### Your assignment
All entries must be repeated exactly; do not include the pictures.

### Exercise input
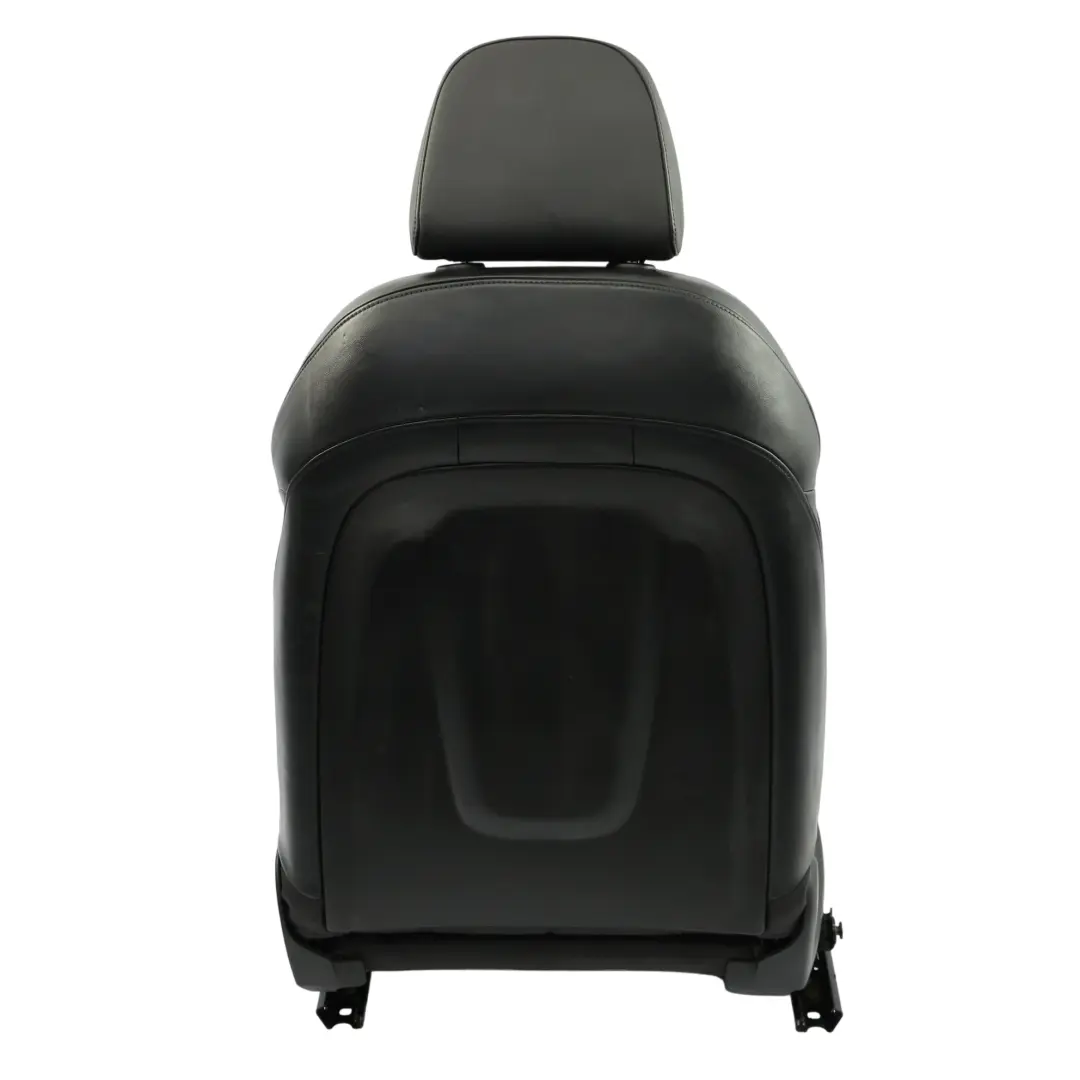 Front Left N/S Interior Electric Black Leather Alcantara Audi S4 B8 Sport Seat - SKU 8K0881806J-1 - Part number 8K0881806J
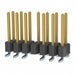 TSM-107-02-L-DV-007 by Samtec Inc. - CONNECTOR HEADER SMD 14POS 2.54MM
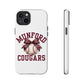 *** NEED TO PERSONALIZE THIS ? - DO NOT PURCHASE THIS ITEM - EMAIL ME @REFININGFAITHCOMPANY@GMAIL.COM - Munford Cougars Baseball Phone Case - Tough Cases Sports Team Phone Cover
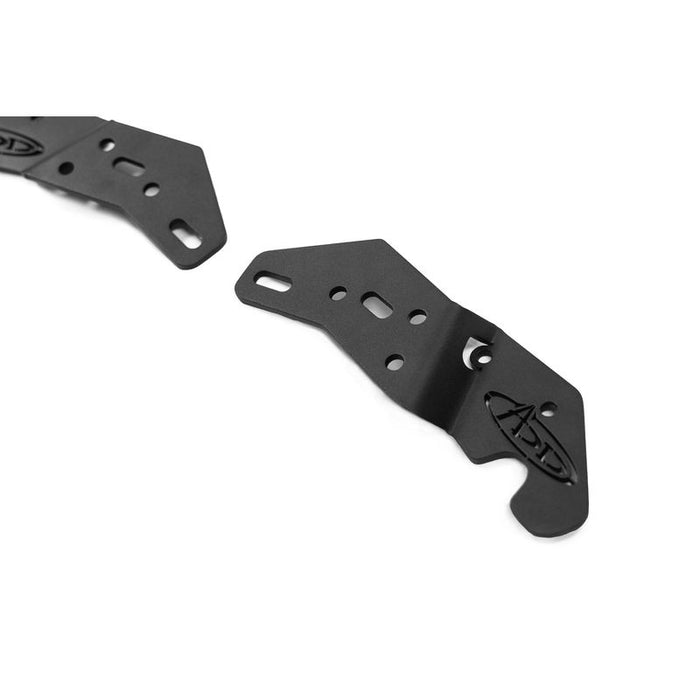 Addictive Desert Designs 21-23 Ford Bronco & Bronco Raptor Dual Ditch Light Mounts Model AC2301801NA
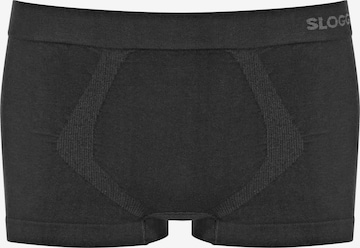 Boxers SLOGGI en noir : devant
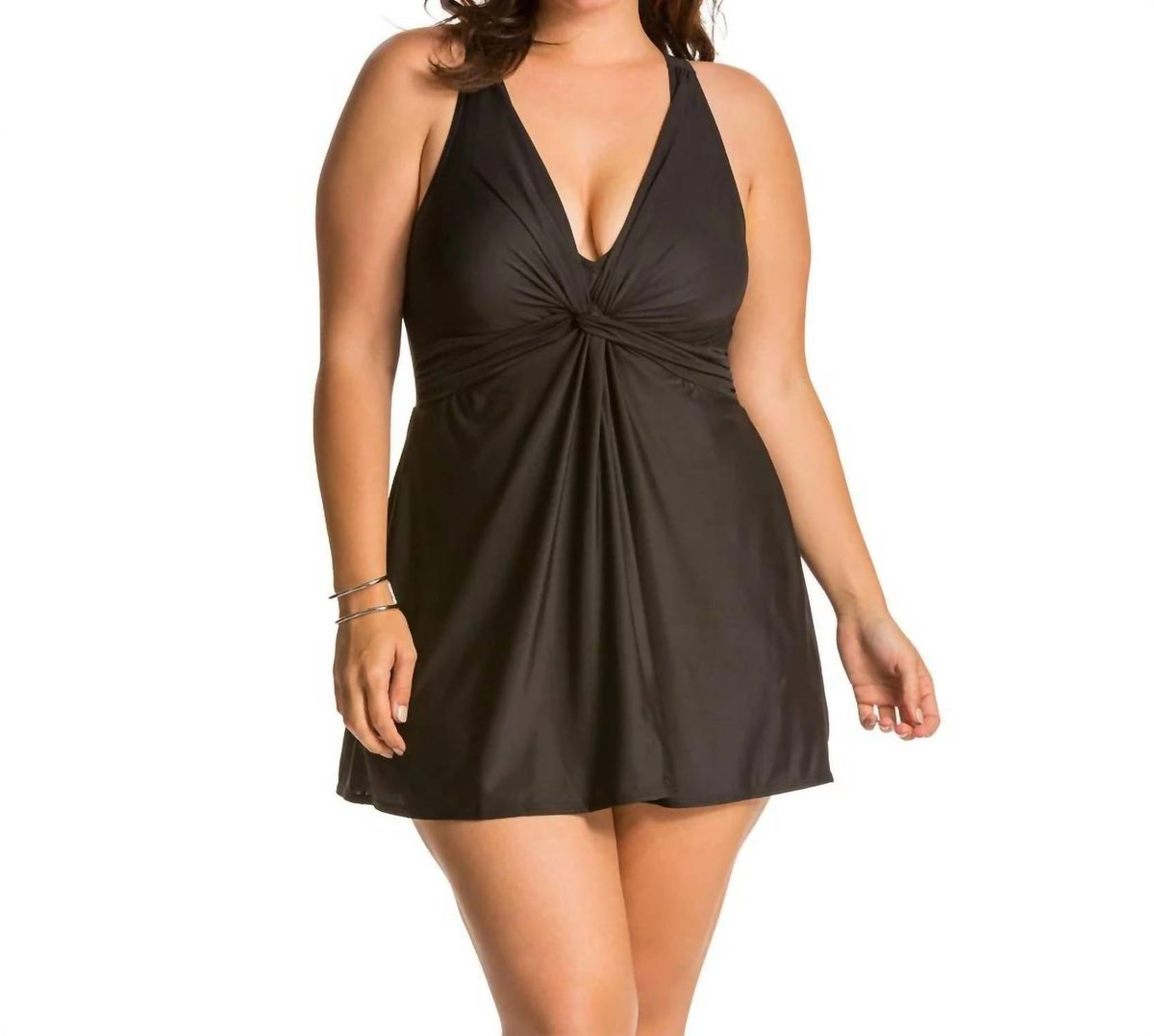 Miraclesuit - Marais One Piece Swim Dress - Plus
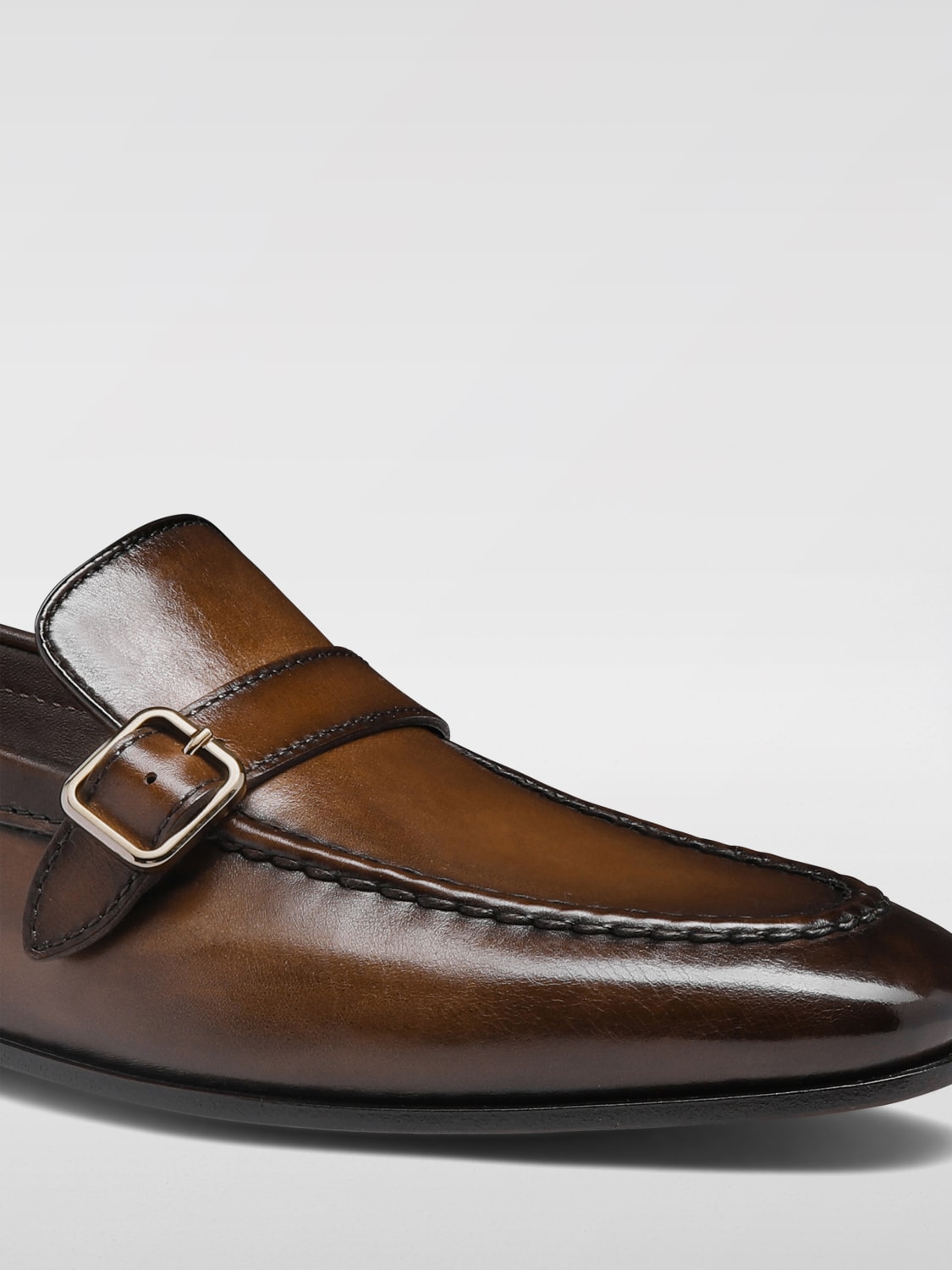 SANTONI MOKASSINS: Schuhe herren Santoni, Braun - Img 3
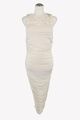 By Malina Damen Kleid Gr. 36 (S) Creme Etuikleid Dress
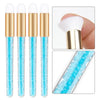Nasal & Foam Brush CA95131 Eyelash brushes Veyelashfactory Blue 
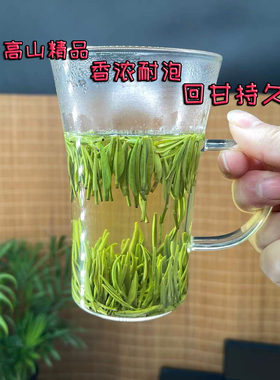 雅安蒙顶山茶入口甘甜不苦涩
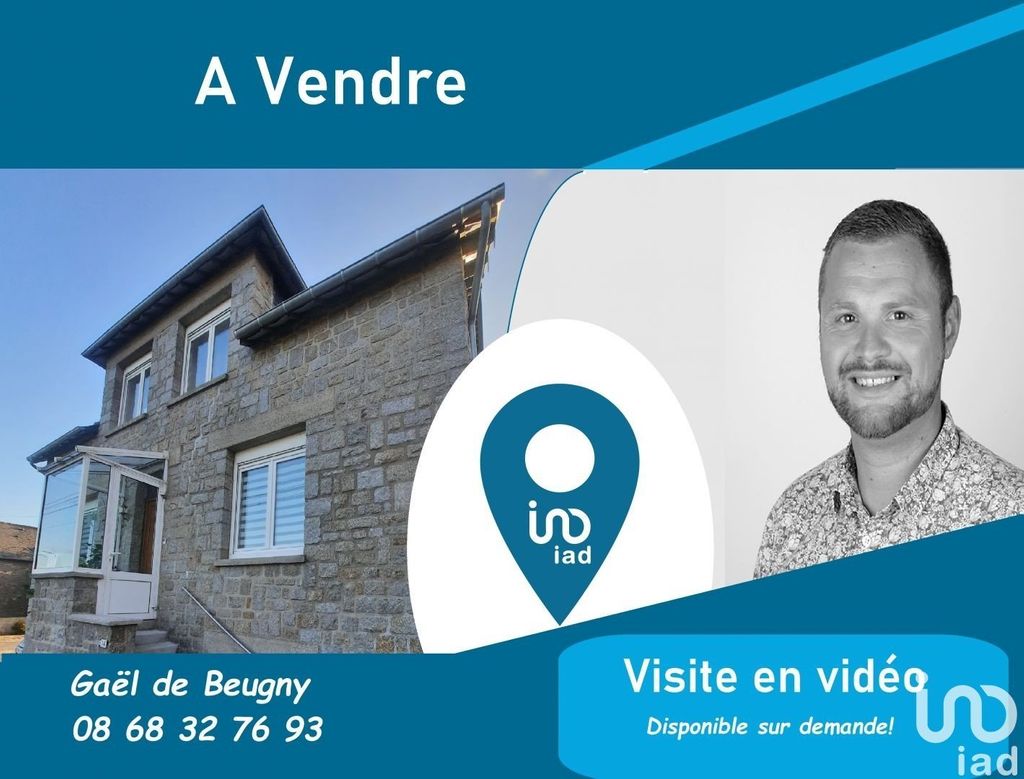 Achat maison à vendre 4 chambres 148 m² - Trélivan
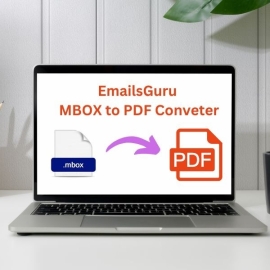 Best Tool to Convert Thunderbird Mailbox to PDF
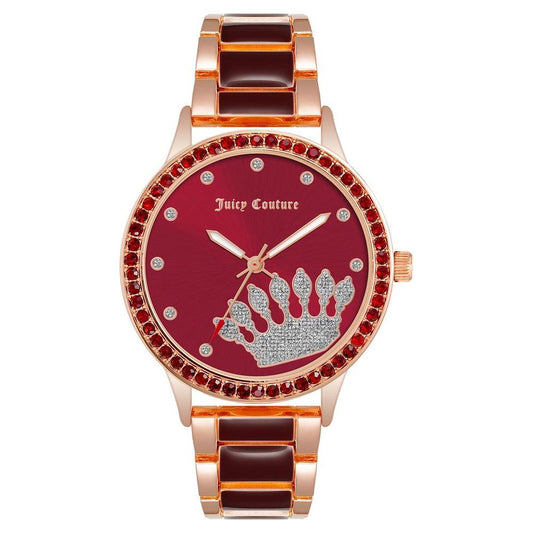 Juicy Couture Multicolor Metal Watch Juicy Couture Brown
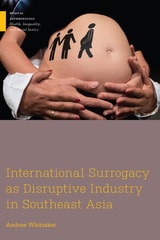 cover of International Surrogacy as Disruptive Industry in Southeast Asia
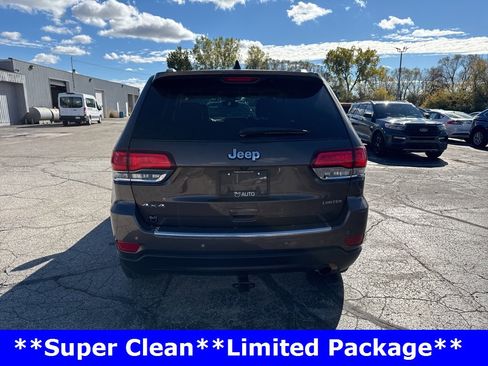 Used 2020 Jeep Grand Cherokee Limited w/ Premium Lighting Group image 17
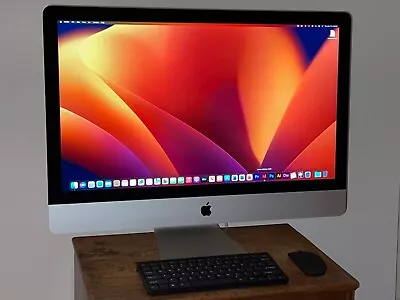 MAXED!! Apple IMac 27  3.4 GHz Retina 5K + LOADED!! + 32 GB RAM + EXTRAS!! • $897.75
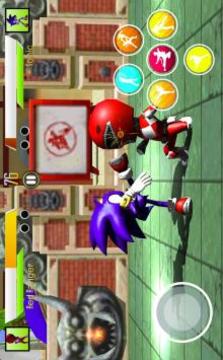 Power Red Rangers Vs Sonic Fighter游戲截圖2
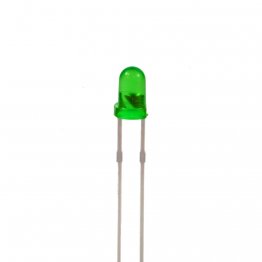 MIC MLL-30631-LF Diodo LED 3mm Verde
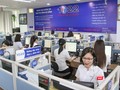 Không gian làm việc của Tổng đài 1022 Đà Nẵng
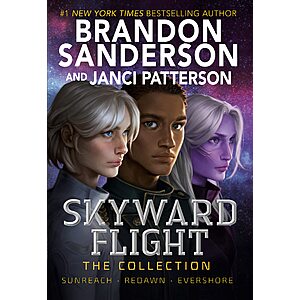 $1.99 | Skyward Flight: The Collection: Sunreach, ReDawn, Evershore (The Skyward Series) (eBook) by Brandon Sanderson, Janci Patterson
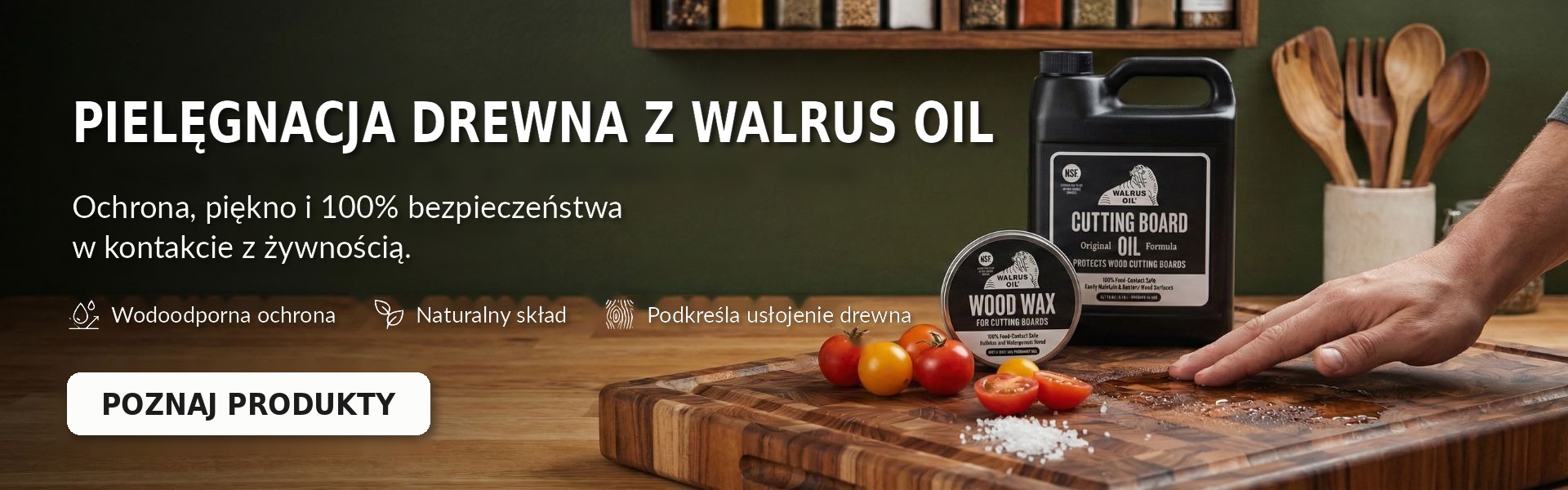 Walrus Oil Cutting Board Oil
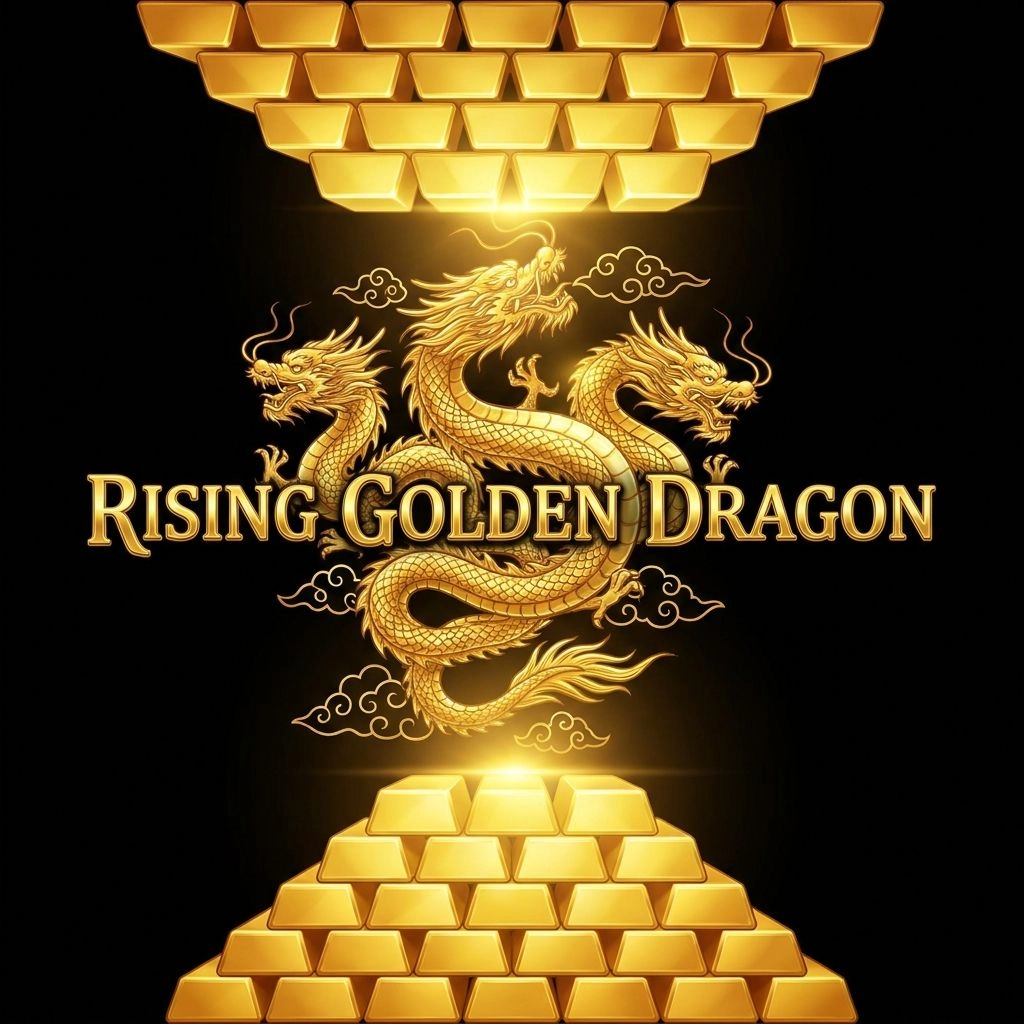 Rising Golden Dragon
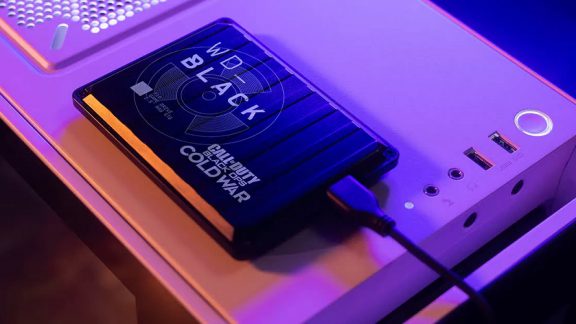 دیسک درایو با تم Black Ops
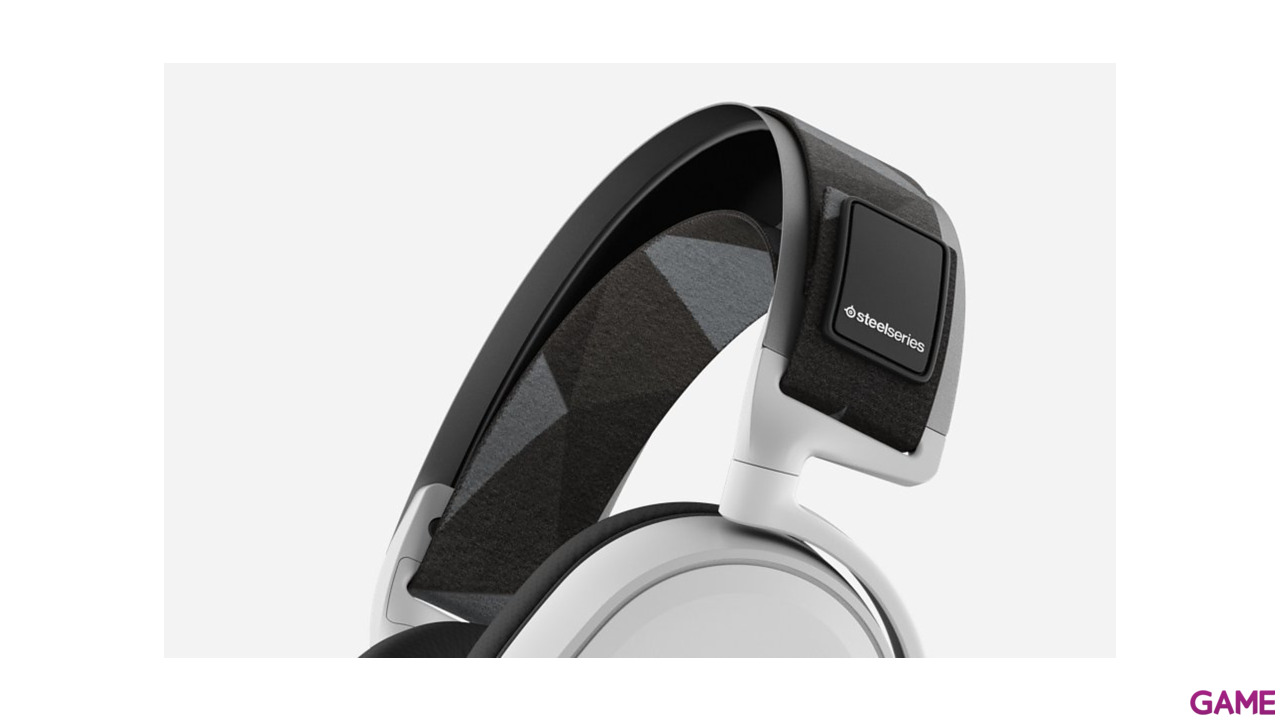 SteelSeries Arctis 7 Blanco Wireless 7.1 Surround - Auriculares Gaming Inalámbricos-4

### Exercise result
 Front Left N/S Interior Electric Black Leather Alcantara Audi S4 B8 Sport Seat - SKU 8K0881806J-1 - Part number 8K0881806J
 TSM-107-02-L-DV-007 by Samtec Inc. - CONNECTOR HEADER SMD 14POS 2.54MM
 *** NEED TO PERSONALIZE THIS ? - DO NOT PURCHASE THIS ITEM - EMAIL ME @REFININGFAITHCOMPANY@GMAIL.COM - Munford Cougars Baseball Phone Case - Tough Cases Sports Team Phone Cover
 Addictive Desert Designs 21-23 Ford Bronco & Bronco Raptor Dual Ditch Light Mounts Model AC2301801NA
 Boxers SLOGGI en noir : devant
 Miraclesuit - Marais One Piece Swim Dress - Plus
 SANTONI MOKASSINS: Schuhe herren Santoni, Braun - Img 3
 By Malina Damen Kleid Gr. 36 (S) Creme Etuikleid Dress
Nasal & Foam Brush CA95131 Eyelash brushes Veyelashfactory Blue 
 雅安蒙顶山茶入口甘甜不苦涩
 Achat maison à vendre 4 chambres 148 m² - Trélivan
 Best Tool to Convert Thunderbird Mailbox to PDF
 Juicy Couture Multicolor Metal Watch Juicy Couture Brown
 cover of International Surrogacy as Disruptive Industry in Southeast Asia
 Used 2020 Jeep Grand Cherokee Limited w/ Premium Lighting Group image 17
 MAXED!! Apple IMac 27  3.4 GHz Retina 5K + LOADED!! + 32 GB RAM + EXTRAS!! • $897.75
 Power Red Rangers Vs Sonic Fighter游戲截圖2
 MIC MLL-30631-LF Diodo LED 3mm Verde
 Không gian làm việc của Tổng đài 1022 Đà Nẵng
 $1.99 | Skyward Flight: The Collection: Sunreach, ReDawn, Evershore (The Skyward Series) (eBook) by Brandon Sanderson, Janci Patterson
 Walrus Oil Cutting Board Oil
 Rising Golden Dragon
 دیسک درایو با تم Black Ops
 SteelSeries Arctis 7 Blanco Wireless 7.1 Surround - Auriculares Gaming Inalámbricos-4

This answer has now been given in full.